Montmartre, Moulin Rouge and Sacré Coeur

A special treat for us was a walk around Montmartre. Here we took pictures in front of the famous Moulin Rouge, saw with our own eyes the pink house, Picasso’s studio, and the Wall of Love, as well as looked from all sides at the beautiful Sacré-Coeur Basilica (which, by the way, also offers an incredible view of Paris).

Montmartre
Moulin Rouge
Sacré-Cœur Basilica

Places in Paris that not everyone knows about

Now I’m going to talk about some very cool spots on the Paris map that aren’t as famous as the previous ones but are worth just as much attention.  

St. Chapelle

Sainte-Chapelle is a Catholic cathedral that sits on the Isle of Cité in Paris, directly opposite the Cathedral of Our Lady of Paris. In French, Sainte-Chapelle means “Holy Chapel.”

According to many, in its beauty, it even surpasses the latter; just by coincidence, it remained in its shadow. What is interesting is that St. Chapelle was also built in the 13th century, but it was erected in only 6 years, while the construction of Notre Dame took about 2 centuries. 

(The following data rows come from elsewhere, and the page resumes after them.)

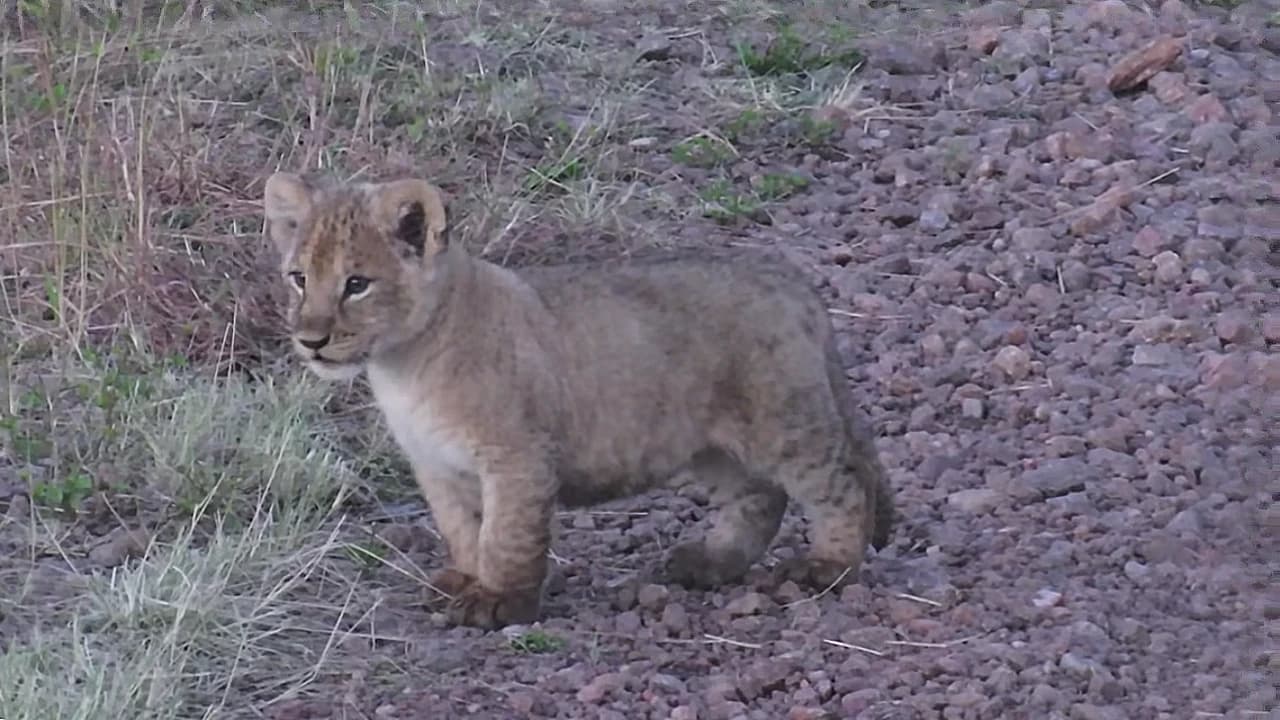 A young lion cub is crying out for its mother (Video).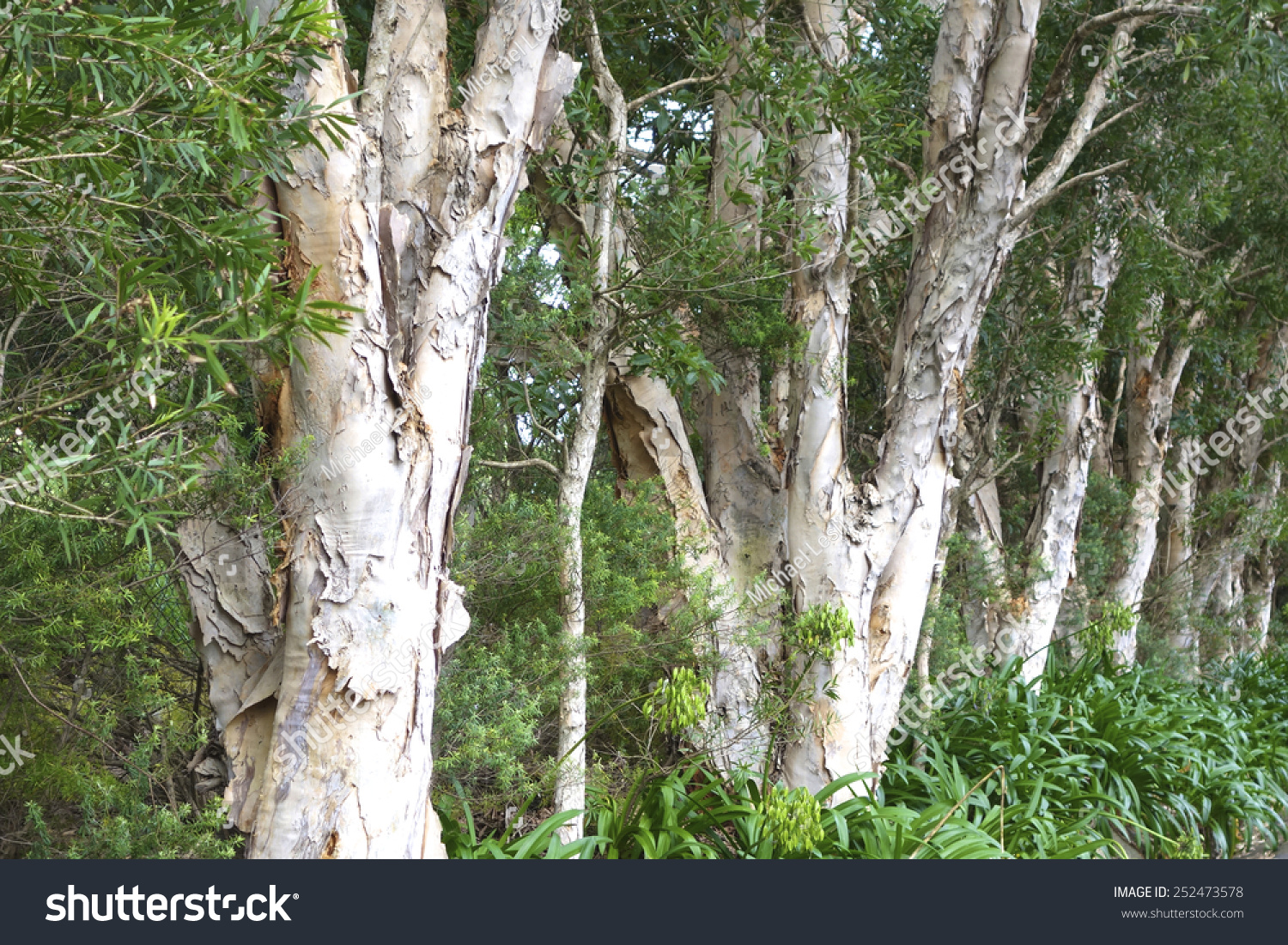 broadleaved-paperbark-melaleuca-quinquenervia-background-stock-photo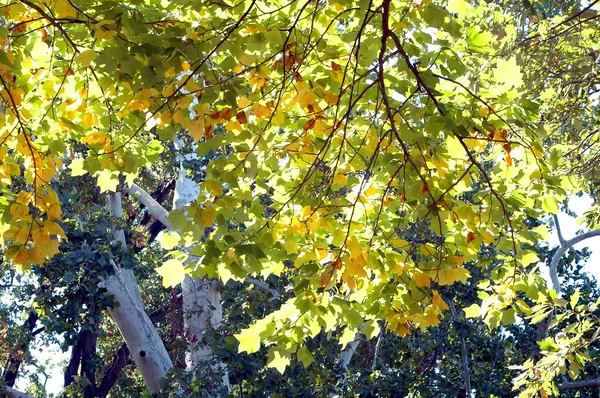 Colorful Tree Leaves in Early Fall — Stock Photo, Image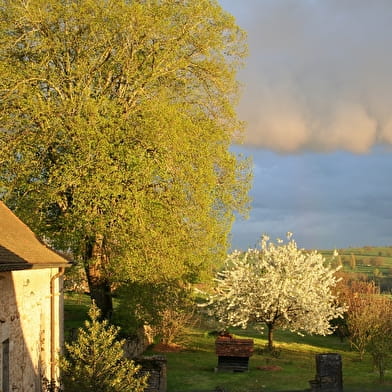 Domaine Croix de la Fleur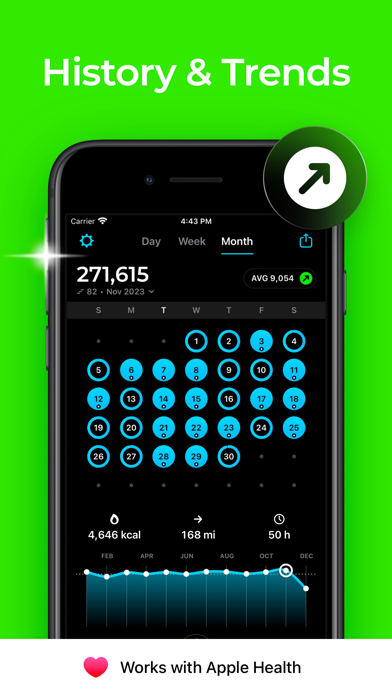 StepsApp screenshot three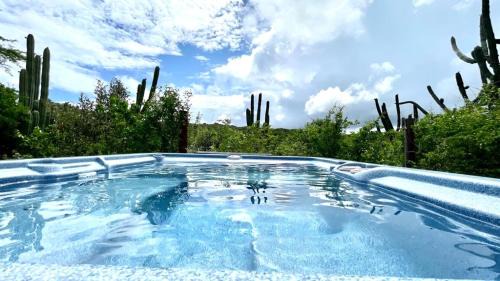 Savaneta Apartamento | Very quiet apartment with lots of privacy and a tub on the edge of a national park!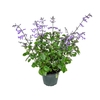 PLECTRANTHUS P14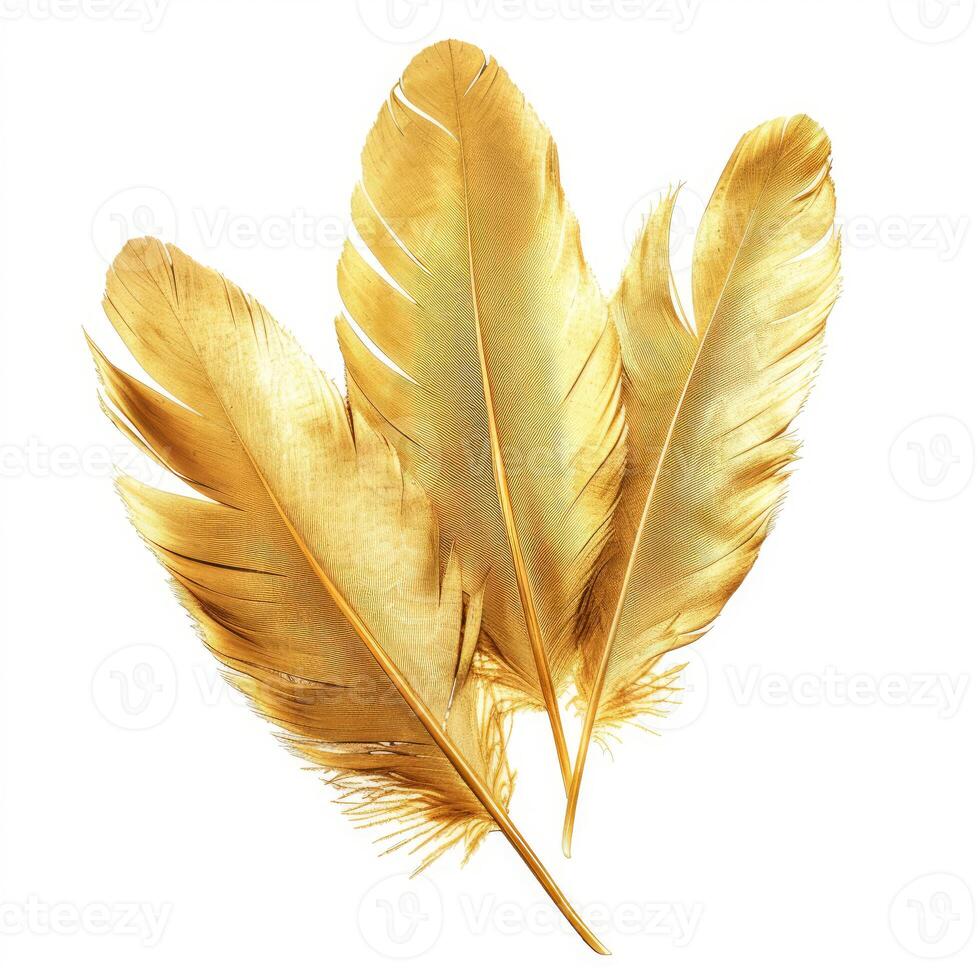 Three golden feathers isolated on white background photo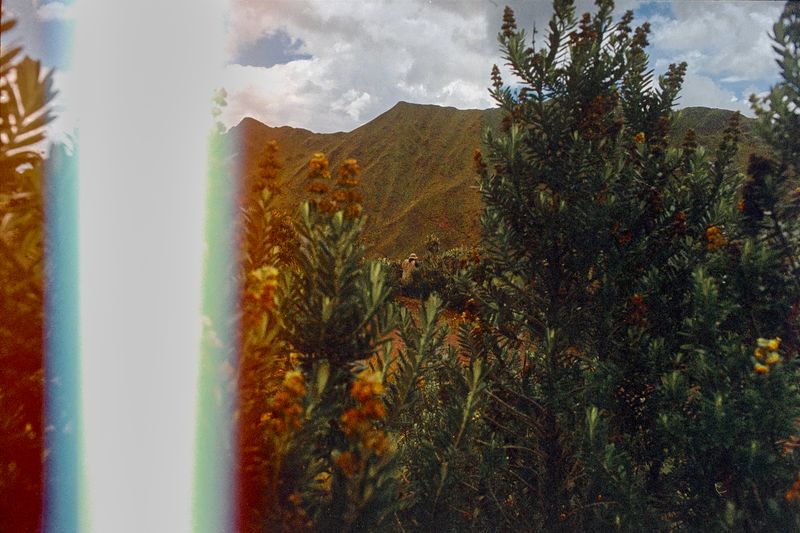 © Nicolás Garrido Huguet - Image from the Alquimia Textil photography project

We were lucky enough to visit this chapel, and it was beautiful. Everything starts with the mesmerizing facade of the building, but when you find yourself inside, you are illuminated with light and such incredible beauty that the impression is just off the scale. In short, I recommend a visit. 

The facade of St. Chapelle
Sainte-Chapelle inside
Saint Chapelle in Paris

Shakespeare and Company Bookstore

Shakespeare and Company (rue de la Bucherie, 37) is one of the most famous bookstores in the whole world! It has occupied a small house opposite Notre Dame since 1964. All books here are exclusively in English. We did not fail to stop by and stayed there for at least an hour and a half, enjoying the aesthetics and spirit of the place immensely! 

Interestingly, Sylvia Beach, who ran the place, first discovered James Joyce’s talent to the world and helped him publish Ulysses. In general, this bookstore was a regular gathering place for creative people whose legacy we now enjoy and benefit from. 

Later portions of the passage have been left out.